Aid workers review Afghan security after killings

KABUL (Reuters) – Foreign humanitarian agencies in Afghanistan have restricted staff movements and said on Thursday they are considering suspending operations in some areas after suspected Taliban insurgents killed three women aid workers.

Rising violence has already forced aid agencies to cut back their humanitarian work in Afghanistan, one of the poorest countries in the world, which is struggling to cope with high food prices and drought as well as the Taliban insurgency.

The three women worked for U.S.-based International Rescue Committee (IRC) and were shot dead in a car chase on Wednesday as they were traveling through Logar, until this year a relatively peaceful province just south of the capital, Kabul.

The IRC focuses on providing shelter, water and sanitation to refugees returning to Afghanistan, but has now suspended all its humanitarian aid programs in the country indefinitely.

Some NGOs have been active at some level in Afghanistan for up to 30 years, throughout the Soviet occupation, civil war and Taliban rule, and are unlikely to pull out of the country.

“But what will happen if these kinds of acts continue is that NGOs will be forced to downscale … reduce the scope of their activities and ultimately the only people who will suffer are the Afghans who rely on the support the NGOs are providing,” said a senior Western aid worker who declined to be named.


Afghanistan has been torn apart by nearly 30 years of war, turning an already impoverished nation into one of the very poorest in the world. Life expectancy at birth is just 44 and nearly one in five children die before their fifth birthday.

The pro-Western Afghan government, backed by some 70,000 foreign troops, is struggling to put down a deepening Taliban insurgency more than six years after U.S.-led and Afghan forces overthrew the Taliban following the September 11, 2001, attacks.

A group of some 100 aid agencies active in Afghanistan already complained this month that rising violence had forced them to scale back their work and they appealed to all sides in the conflict to respect their neutrality.

Some 20 Afghan NGO workers have been killed so far this year, but the killing of the three women from the IRC was the deadliest attack on foreign aid workers in recent years.

While much of southern Afghanistan, such as the highly volatile provinces of Kandahar and Helmand, have been largely off limits to aid workers for some time, NGOs say growing insecurity immediately south of Kabul was now threatening their work.
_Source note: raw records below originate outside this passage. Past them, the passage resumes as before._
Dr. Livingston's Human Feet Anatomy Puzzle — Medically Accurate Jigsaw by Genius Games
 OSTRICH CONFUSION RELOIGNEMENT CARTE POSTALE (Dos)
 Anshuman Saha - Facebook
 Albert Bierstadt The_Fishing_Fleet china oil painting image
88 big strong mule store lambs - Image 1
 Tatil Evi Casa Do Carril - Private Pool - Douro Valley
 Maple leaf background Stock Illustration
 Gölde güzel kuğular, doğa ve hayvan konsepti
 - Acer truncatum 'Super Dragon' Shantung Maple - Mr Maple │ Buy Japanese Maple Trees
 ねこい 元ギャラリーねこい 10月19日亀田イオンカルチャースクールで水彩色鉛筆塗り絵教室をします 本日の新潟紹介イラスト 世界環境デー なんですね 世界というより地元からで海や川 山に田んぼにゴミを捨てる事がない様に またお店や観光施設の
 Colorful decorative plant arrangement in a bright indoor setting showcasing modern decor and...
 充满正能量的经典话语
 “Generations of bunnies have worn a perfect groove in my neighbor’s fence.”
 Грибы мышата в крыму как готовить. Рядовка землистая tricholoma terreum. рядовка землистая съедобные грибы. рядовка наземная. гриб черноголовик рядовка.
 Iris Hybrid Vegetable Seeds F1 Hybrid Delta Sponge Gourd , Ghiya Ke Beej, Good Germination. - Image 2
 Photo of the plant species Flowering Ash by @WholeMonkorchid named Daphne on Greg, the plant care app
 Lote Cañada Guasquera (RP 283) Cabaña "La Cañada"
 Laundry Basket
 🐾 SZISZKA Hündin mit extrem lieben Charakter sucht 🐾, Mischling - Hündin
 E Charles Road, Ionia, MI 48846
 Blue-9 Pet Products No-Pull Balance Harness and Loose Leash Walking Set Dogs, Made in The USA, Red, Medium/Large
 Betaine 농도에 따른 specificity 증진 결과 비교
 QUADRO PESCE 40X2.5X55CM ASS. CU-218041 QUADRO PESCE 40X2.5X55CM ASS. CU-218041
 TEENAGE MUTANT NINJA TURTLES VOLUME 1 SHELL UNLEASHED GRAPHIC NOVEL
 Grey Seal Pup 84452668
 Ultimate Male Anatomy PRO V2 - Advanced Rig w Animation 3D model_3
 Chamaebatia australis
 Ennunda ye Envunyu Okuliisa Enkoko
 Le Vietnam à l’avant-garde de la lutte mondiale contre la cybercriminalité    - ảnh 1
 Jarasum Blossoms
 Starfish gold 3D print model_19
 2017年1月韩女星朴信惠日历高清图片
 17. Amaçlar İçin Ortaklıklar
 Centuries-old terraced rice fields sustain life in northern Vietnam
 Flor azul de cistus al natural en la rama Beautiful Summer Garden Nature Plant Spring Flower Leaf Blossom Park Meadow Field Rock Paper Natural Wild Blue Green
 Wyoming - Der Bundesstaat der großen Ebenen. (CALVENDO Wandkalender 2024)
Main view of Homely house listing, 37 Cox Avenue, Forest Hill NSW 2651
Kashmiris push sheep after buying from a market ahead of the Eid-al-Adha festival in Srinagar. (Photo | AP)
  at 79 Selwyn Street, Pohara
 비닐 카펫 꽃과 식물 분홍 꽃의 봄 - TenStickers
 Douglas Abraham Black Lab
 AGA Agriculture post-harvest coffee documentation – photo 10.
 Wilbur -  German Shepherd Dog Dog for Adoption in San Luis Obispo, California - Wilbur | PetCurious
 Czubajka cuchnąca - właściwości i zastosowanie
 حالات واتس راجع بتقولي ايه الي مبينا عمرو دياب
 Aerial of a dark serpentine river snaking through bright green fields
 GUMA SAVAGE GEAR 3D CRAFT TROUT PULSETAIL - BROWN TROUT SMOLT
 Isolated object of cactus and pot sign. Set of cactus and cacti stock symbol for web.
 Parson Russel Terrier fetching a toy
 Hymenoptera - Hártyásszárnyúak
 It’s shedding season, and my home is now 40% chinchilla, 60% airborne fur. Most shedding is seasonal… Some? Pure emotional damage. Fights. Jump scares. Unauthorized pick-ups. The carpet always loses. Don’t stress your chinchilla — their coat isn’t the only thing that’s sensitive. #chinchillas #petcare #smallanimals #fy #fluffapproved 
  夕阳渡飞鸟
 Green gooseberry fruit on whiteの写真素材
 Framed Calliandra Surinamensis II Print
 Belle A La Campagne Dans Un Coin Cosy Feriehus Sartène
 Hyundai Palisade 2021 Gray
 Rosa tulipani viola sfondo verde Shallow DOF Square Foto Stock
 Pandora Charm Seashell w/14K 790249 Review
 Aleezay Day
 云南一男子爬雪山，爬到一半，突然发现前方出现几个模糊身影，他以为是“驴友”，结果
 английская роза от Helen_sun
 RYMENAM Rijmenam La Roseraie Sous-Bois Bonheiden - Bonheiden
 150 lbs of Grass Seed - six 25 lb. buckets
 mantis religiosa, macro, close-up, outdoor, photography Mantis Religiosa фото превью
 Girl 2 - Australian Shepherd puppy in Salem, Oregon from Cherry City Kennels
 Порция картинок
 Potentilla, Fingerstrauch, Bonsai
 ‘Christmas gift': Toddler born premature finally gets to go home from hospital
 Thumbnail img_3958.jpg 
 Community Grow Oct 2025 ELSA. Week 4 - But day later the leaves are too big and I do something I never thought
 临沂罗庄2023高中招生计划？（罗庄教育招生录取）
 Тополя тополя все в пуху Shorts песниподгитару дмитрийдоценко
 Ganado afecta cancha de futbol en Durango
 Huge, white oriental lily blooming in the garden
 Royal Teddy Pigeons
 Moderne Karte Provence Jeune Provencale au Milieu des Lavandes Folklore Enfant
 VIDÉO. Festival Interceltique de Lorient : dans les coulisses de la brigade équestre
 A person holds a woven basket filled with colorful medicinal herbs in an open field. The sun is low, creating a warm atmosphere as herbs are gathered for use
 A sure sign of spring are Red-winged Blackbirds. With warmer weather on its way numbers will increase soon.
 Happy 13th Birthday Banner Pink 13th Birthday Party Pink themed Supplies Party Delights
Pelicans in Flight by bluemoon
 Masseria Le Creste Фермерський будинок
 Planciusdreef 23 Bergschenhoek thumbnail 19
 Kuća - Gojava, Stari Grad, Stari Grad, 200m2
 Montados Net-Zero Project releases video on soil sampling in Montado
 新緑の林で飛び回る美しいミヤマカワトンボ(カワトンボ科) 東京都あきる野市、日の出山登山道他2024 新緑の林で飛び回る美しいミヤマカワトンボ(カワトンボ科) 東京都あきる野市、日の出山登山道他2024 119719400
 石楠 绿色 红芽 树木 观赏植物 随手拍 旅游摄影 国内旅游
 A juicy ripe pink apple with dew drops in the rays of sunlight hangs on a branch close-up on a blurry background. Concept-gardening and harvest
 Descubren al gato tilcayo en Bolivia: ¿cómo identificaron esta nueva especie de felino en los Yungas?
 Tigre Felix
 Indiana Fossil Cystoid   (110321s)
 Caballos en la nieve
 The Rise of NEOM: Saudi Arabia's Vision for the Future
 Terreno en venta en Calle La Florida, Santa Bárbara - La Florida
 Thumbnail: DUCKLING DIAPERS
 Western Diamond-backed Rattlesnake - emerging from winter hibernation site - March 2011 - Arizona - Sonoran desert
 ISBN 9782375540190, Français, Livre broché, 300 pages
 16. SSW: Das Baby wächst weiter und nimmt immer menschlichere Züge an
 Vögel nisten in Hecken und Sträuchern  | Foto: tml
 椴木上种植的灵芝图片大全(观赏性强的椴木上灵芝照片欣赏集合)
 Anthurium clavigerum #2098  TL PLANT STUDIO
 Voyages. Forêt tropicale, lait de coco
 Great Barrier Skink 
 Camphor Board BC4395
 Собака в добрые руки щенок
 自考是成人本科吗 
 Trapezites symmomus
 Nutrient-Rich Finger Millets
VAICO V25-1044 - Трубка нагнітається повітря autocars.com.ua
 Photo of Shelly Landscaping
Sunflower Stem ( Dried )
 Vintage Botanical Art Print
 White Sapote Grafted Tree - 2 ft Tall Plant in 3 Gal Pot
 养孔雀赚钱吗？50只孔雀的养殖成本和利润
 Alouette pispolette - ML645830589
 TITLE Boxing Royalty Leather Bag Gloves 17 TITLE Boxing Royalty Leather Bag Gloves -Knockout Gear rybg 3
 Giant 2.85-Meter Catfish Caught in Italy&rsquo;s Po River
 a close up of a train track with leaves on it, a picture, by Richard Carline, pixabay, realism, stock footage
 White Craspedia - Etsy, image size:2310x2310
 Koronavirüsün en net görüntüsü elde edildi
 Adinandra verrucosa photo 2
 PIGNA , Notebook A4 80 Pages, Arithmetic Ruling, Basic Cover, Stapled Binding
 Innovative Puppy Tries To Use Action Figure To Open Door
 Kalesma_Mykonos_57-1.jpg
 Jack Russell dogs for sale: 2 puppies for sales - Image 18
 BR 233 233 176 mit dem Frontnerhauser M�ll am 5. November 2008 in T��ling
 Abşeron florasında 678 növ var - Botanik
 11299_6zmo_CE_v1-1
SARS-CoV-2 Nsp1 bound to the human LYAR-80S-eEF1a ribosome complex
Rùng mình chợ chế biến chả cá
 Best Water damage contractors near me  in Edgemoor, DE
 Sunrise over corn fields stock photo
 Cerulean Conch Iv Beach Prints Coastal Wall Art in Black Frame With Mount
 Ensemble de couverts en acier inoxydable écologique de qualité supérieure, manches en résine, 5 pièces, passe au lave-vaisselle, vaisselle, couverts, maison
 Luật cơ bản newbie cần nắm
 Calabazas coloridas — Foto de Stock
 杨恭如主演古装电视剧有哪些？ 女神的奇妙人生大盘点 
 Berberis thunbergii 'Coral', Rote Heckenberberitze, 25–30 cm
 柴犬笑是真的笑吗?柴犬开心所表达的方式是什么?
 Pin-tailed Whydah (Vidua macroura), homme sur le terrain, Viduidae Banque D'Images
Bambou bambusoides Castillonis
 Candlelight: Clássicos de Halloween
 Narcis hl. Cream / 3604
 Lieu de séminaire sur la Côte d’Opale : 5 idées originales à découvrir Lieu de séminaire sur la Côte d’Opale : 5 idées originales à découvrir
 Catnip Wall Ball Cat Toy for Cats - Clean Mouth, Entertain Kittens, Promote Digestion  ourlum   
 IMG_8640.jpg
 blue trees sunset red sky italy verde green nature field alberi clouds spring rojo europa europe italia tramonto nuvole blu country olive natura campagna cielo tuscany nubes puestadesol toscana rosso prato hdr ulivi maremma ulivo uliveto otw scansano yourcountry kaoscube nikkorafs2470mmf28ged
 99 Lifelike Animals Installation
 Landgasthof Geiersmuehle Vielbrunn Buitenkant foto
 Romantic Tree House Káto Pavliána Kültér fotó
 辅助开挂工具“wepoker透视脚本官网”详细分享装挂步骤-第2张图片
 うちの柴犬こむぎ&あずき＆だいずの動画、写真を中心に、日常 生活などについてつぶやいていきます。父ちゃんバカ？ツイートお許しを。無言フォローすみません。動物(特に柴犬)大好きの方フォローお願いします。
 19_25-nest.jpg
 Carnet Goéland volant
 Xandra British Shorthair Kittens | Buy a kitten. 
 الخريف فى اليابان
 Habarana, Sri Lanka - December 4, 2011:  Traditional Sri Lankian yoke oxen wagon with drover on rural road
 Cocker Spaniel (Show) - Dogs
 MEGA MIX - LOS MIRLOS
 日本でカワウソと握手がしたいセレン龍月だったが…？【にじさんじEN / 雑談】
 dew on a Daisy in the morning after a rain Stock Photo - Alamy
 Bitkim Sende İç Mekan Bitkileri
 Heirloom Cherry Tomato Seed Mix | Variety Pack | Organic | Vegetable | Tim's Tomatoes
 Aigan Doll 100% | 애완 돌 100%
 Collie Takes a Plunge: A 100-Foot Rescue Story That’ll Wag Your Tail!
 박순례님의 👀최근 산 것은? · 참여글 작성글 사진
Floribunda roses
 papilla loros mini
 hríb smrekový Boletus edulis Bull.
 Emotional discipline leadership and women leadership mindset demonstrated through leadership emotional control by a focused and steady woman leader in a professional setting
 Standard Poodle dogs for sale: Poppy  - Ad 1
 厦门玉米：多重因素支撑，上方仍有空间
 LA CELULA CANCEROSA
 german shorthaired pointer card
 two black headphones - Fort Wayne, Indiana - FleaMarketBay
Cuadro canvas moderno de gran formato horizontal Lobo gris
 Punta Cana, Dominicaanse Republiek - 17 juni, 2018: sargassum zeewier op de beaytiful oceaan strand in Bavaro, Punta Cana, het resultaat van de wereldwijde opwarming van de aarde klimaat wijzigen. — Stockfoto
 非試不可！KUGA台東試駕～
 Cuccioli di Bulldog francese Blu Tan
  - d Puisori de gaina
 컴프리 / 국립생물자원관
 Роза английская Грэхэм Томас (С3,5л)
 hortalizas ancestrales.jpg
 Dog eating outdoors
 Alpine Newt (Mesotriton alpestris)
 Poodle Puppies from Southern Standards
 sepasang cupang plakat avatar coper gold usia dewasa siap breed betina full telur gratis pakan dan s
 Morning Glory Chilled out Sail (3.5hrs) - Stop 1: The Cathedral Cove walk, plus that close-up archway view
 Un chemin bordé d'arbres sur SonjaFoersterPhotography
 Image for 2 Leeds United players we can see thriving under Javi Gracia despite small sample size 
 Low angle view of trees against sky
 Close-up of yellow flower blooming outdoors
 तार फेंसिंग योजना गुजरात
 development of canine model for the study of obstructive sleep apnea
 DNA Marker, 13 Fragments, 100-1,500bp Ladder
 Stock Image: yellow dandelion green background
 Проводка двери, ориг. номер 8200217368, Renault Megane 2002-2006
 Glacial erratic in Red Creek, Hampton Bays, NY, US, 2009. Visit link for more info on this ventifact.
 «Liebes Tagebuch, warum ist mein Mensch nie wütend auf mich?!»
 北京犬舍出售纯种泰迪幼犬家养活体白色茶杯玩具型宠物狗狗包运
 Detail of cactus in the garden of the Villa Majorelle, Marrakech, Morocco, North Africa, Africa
The United Nations special envoy to Afghanistan, Kai Eide, is to meet international aid agencies later on Thursday “to discuss their concerns and to offer support to ensure the continuation of programs and projects so desperately needed by so many vulnerable communities,” said U.N. spokesman Aleem Siddique.

Aid agencies active in Logar province, an hour’s drive south of Kabul, said they had restricted staff movements in the province while an investigation into the deaths was underway and were reviewing whether it was safe to continue operations there.

“I think there needs to be an understanding by insurgent groups that NGOs are not part of this conflict, that we are here to provide support for the Afghan people … that many depend on humanitarian supplies and that this kind of act jeopardizes the work of aid agencies throughout the country,” the senior Western aid worker said.